Ozzie Guillen Suspension: Comments Are Insensitive but Not Suspension Worthy

Darren GrossmanCorrespondent IApril 10, 2012

Guillen's comments were insensitive, but not warranting a suspension
Guillen's comments were insensitive, but not warranting a suspensionDrew Hallowell/Getty Images

I understand completely why some people are upset over the pro-Fidel Castro comments that Miami Marlins manager Ozzie Guillen made in a Time Magazine interview. I went to college at the University of Miami and lived in Miami for four years while I got my college education. 

With that being said, his comments are not anything that warrants a suspension from the Marlins.  Suspensions are given out when a player or manager gets in an altercation with an umpire, or when someone breaks the rules in some way.  Guillen did not break any rules.

Guillen also did not break any laws.  The last time I checked, we lived in a country that claims to have freedoms, and one of those paramount freedoms is the freedom of speech.  Our country was founded on that principle.

The reality is that if we truly live in a free country, then Ozzie Guillen can stand up for something he believes in, and someone else can feel the complete opposite, and neither person would get in trouble.  Then we live in the land of the free.

However, the key point is Guillen also has a right to his own opinion.  He has a right to feel admiration for Castro and voice it, because we have the freedom of speech.  He said the same thing to Men's Fitness magazine in 2006.  He also has very pro Hugo Chavez opinions and has even been on Chavez's radio show in Venezuela.
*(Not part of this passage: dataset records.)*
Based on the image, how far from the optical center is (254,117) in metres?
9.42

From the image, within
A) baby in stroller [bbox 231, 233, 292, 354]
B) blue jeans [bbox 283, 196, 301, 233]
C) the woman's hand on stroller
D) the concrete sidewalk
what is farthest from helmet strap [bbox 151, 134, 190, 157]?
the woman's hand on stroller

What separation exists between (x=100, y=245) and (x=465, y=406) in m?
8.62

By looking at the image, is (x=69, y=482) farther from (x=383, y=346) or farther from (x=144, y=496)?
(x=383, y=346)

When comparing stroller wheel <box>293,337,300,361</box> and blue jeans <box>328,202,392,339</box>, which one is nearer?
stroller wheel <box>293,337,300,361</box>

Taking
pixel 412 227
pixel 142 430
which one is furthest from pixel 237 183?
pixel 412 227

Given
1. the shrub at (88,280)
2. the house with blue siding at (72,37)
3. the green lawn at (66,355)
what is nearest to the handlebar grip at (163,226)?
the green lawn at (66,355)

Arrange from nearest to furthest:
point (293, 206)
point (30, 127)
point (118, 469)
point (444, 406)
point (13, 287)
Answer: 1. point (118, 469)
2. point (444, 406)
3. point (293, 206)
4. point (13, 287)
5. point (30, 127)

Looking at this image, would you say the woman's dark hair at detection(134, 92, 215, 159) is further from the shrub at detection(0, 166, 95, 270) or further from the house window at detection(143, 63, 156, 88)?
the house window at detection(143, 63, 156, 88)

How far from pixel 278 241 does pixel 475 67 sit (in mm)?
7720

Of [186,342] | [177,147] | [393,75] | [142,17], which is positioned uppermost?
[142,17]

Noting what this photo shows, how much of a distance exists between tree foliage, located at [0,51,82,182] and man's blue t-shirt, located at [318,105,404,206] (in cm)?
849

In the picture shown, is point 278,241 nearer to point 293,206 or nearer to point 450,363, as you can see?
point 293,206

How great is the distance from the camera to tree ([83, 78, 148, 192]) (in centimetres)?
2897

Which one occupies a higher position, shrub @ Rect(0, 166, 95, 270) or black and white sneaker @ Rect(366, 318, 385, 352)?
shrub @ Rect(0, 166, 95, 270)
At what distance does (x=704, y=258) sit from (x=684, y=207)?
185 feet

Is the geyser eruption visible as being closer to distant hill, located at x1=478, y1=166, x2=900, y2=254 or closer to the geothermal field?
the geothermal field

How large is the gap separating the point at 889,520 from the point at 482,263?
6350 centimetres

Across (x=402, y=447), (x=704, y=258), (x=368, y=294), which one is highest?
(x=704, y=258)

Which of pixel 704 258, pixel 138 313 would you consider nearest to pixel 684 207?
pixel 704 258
So his apology is not sincere.  He is apologizing because his employers want him to, and the community he lives in got upset.  It will not change his true feelings.  So an apology is pointless, although he should not have to apologize for expressing an opinion.

PHILADELPHIA, PA - APRIL 09: Manager Ozzie Guillen of the Miami Marlins greets his players before the Philadelphia Phillies home opener at Citizens Bank Park on April 9, 2012 in Philadelphia, Pennsylvania. (Photo by Drew Hallowell/Getty Images)
Drew Hallowell/Getty Images

I don't have to agree with him and neither do you.  One of my best friends from college is a big fan of Adolf Hitler and the Nazi's regime in the 1940s.  He has been a close personal friend of mine for over 10 years now.  What's my point?  My point is that I'm Jewish, and his opinion doesn't bother me. 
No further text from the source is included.